PROBLEM DETAILS. Bring together every line in the data that includes "Stainless".

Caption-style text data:
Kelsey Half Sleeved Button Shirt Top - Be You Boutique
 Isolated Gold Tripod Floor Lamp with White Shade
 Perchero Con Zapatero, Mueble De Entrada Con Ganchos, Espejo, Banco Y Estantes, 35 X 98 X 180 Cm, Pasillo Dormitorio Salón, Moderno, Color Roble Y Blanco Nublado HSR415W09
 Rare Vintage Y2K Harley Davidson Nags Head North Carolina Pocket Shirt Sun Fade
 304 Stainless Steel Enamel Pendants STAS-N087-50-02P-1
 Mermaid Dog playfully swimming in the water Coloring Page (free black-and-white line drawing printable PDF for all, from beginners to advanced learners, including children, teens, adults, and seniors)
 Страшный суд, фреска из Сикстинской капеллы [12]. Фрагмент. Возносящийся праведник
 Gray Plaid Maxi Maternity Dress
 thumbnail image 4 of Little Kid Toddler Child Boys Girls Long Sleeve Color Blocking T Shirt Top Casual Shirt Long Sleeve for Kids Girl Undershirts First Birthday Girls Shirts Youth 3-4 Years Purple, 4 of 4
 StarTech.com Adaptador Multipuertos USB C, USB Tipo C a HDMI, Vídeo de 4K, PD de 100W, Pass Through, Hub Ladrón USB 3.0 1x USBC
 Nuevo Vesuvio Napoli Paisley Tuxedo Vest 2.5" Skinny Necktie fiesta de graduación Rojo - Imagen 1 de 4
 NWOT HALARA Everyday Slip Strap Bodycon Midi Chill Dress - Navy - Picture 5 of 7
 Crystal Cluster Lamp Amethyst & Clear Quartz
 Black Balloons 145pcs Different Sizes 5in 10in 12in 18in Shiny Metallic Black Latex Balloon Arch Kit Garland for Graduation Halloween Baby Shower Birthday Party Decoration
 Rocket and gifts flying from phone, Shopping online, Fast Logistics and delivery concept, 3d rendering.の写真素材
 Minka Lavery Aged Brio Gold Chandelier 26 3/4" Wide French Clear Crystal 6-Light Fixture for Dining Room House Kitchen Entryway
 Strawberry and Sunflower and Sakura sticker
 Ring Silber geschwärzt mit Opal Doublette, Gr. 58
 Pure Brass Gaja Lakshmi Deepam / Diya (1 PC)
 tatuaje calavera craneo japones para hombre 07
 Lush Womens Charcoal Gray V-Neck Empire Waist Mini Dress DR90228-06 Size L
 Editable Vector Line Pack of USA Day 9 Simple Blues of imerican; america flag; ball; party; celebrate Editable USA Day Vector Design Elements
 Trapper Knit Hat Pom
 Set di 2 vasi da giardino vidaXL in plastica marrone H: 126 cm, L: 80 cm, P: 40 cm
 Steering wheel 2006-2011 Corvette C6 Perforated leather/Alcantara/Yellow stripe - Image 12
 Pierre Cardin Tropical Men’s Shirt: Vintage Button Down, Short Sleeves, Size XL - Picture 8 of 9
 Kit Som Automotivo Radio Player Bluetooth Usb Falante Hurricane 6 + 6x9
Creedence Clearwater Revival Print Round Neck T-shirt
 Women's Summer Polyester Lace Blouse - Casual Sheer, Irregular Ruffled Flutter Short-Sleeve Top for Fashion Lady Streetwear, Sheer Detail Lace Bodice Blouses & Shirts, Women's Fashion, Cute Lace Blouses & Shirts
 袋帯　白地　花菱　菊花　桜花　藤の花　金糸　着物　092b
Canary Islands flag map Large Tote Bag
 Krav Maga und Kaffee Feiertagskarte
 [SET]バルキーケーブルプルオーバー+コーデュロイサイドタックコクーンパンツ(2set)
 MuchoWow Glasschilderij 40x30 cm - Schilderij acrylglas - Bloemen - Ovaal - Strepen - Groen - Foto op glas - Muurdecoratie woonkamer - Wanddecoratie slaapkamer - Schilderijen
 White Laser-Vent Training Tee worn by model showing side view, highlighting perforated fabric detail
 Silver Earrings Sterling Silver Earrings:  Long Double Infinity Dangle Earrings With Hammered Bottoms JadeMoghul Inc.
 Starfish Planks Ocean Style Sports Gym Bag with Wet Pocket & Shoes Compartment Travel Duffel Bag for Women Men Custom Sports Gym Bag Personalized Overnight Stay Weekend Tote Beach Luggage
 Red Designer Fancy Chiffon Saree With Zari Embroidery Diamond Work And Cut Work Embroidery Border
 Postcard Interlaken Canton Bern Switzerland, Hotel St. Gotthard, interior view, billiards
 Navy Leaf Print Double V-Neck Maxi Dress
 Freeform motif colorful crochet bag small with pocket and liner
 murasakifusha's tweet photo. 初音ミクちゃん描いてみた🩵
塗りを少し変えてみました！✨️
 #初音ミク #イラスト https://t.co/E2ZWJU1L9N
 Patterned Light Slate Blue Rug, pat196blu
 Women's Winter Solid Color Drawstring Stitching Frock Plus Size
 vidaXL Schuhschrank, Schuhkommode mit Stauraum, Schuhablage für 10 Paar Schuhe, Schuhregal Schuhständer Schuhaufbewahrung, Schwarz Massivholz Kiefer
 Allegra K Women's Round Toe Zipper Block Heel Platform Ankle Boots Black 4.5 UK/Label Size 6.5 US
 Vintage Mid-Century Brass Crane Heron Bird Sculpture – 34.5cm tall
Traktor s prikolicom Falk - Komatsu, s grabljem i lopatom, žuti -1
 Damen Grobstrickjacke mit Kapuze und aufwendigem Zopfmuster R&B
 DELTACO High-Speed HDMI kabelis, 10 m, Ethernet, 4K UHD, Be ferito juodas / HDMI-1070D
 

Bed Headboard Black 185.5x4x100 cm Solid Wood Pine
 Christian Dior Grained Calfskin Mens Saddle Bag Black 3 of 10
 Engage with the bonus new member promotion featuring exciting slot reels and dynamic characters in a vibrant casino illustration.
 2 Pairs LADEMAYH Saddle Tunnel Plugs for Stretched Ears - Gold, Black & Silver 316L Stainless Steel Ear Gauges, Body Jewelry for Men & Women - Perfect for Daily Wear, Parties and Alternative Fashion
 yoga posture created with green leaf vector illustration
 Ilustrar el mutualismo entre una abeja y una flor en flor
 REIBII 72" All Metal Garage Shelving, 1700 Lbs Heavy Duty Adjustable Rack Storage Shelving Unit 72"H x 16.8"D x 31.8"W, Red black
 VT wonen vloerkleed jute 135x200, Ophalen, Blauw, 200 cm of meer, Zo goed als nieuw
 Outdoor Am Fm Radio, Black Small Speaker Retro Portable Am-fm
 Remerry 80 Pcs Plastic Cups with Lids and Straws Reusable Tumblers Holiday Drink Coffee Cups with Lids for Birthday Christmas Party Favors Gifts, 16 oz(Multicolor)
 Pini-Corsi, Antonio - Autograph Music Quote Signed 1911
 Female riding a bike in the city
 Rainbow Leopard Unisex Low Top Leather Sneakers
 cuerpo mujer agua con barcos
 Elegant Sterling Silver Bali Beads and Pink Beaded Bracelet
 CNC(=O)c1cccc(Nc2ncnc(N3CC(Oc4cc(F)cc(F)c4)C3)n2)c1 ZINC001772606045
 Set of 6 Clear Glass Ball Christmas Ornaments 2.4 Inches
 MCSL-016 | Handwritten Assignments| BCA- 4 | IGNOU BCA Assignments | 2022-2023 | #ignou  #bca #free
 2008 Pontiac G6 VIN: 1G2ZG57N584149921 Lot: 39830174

WORKED SOLUTION.
 304 Stainless Steel Enamel Pendants STAS-N087-50-02P-1
 2 Pairs LADEMAYH Saddle Tunnel Plugs for Stretched Ears - Gold, Black & Silver 316L Stainless Steel Ear Gauges, Body Jewelry for Men & Women - Perfect for Daily Wear, Parties and Alternative Fashion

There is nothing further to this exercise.